Как устроена теневая экономика в системе образования Казахстана? Кто, кому и для чего несет «подарки» и «конвертики»? Почему многие предпочитают купить услугу за деньги, а не использовать родственные связи, и как взятки становятся тотальной системой, в которой нельзя не участвовать? На эти вопросы дает ответ японская исследовательница Нацуко Ока (Natsuko Oka, Междисциплинарный учебный центр, Институт экономического развития, Японская организация содействия развитию внешней торговли, префектура Тиба), автор едва ли не первого подробного исследования теневых практик в казахстанском образовании (Grades and Degrees for Sale: Understanding Informal Exchanges in Kazakhstan’s Education Sector).
И родственники, и деньги
Казахстан мощно вкладывается в модернизацию системы образования в стране. В числе предпринимаемых шагов можно назвать и программу «Болашак» (международная образовательная стипендия президента Казахстана. – Прим. «Ферганы»), и щедро финансируемый Университет Назарбаев, и интеллектуальные школы для одаренных детей.

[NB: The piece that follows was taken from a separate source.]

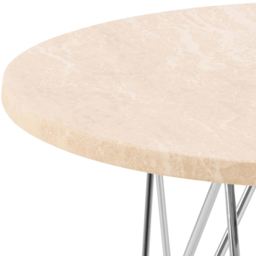 Florence Prunus Matt Beige Round Side Table with Chrome Steel Base - Size: 41.4 x 55 x 55cm - Multi - Furniture To Go - Wilko - thumbnail 5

Одновременно с этим нормой жизни остается практика «подарков» и взяток учителям, преподавателям, деканам и администраторам. Согласно общенациональному опросу, проведенному «Жас Отан» – молодежным отделением президентской партии «Нур Отан», более 90% студентов заявили, что дипломные работы и нужные оценки на экзаменах можно купить за деньги. Согласно более серьезному опросу, который организовал Центр исследований «Сандж», до 40% респондентов, имевших дело с университетами Казахстана (студенты и их родители), давали взятки – в том числе для того, чтобы получить государственную стипендию, поменять специальность или сдать экзамен.
Впрочем, коррупцию мало просто заклеймить – важно понять, как она работает, что делает ее живучей и заставляет людей прибегать к ее механизмам. Ученые отмечают, что в странах СНГ формируется гибрид из старого советского блата («ты мне — я тебе», обмен услугами или дефицитными товарами) и рыночного механизма – «все что угодно за ваши деньги». Иными словами, блат переходит на денежные рельсы: чтобы получить помощь от нужного человека, ему все равно надо заплатить; вместо ответной услуги или помощи в будущем требуют заплатить здесь и сейчас.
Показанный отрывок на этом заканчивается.